Fresh policies are needed to curb monopoly powers and redistribute the immense wealth that is concentrated in the leading AI firms, he adds. This month, Amazon became the second company, after Apple, to reach a market valuation of $1tn. The pair are now worth more than the top 10 oil companies combined. “When you have so much wealth concentrated in the hands of relatively few, you have a more unequal society and that is bad for our democracy,” says Stiglitz.
Taxes are not enough. To Stiglitz, this is about labour bargaining power, intellectual property rights, redefining and enforcing competition laws, corporate governance laws and the way the financial system operates. “It’s a much broader agenda than just redistribution,” he says.

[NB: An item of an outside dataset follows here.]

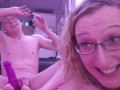 Bouncing on the Comanche Horse Dildo whilst in Chastity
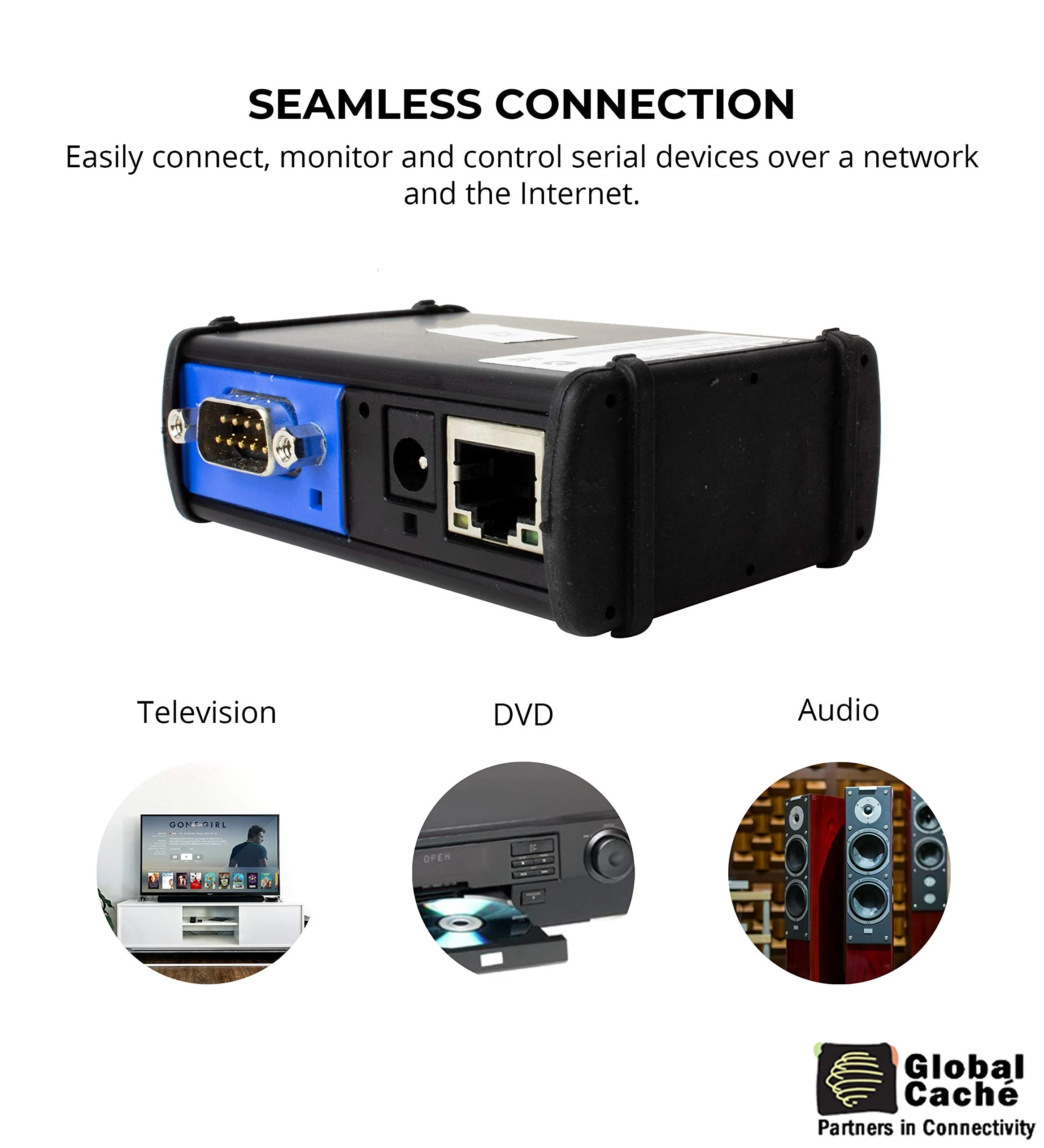 Global Caché IP2SL-P iTach TCP/IP to Serial Converter with Power Over Ethernet (PoE) - Connects RS232 Control Devices to a Wired Connection - Image 2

He is not a fan of universal basic income, a proposal under which everyone receives a no-strings handout to cover the costs of living. Advocates argue that, as tech firms gather ever more wealth, UBI could help to redistribute the proceeds and ensure that everyone benefits. But, to Stiglitz, UBI is a cop-out. He does not believe it is what most people want.
“If we don’t change our overall economic and policy framework, what we’re going towards is greater wage inequality, greater income and wealth inequality and probably more unemployment and a more divided society. But none of this is inevitable,” he says. “By changing the rules, we could wind up with a richer society, with the fruits more equally divided, and quite possibly where people have a shorter working week. We’ve gone from a 60-hour working week to a 45-hour week and we could go to 30 or 25.”
None of this will happen overnight, he warns. A more robust public debate around AI and work is needed to throw up new ideas, for a start. “Silicon Valley may hire a disproportionate fraction [of people who work in AI], but it may not take that many people to figure it out, including people from Silicon Valley who have become disgruntled with what has been going on,” he says. “People will, and have already begun to, think about new ideas. There will be people with skills who try to work out solutions.”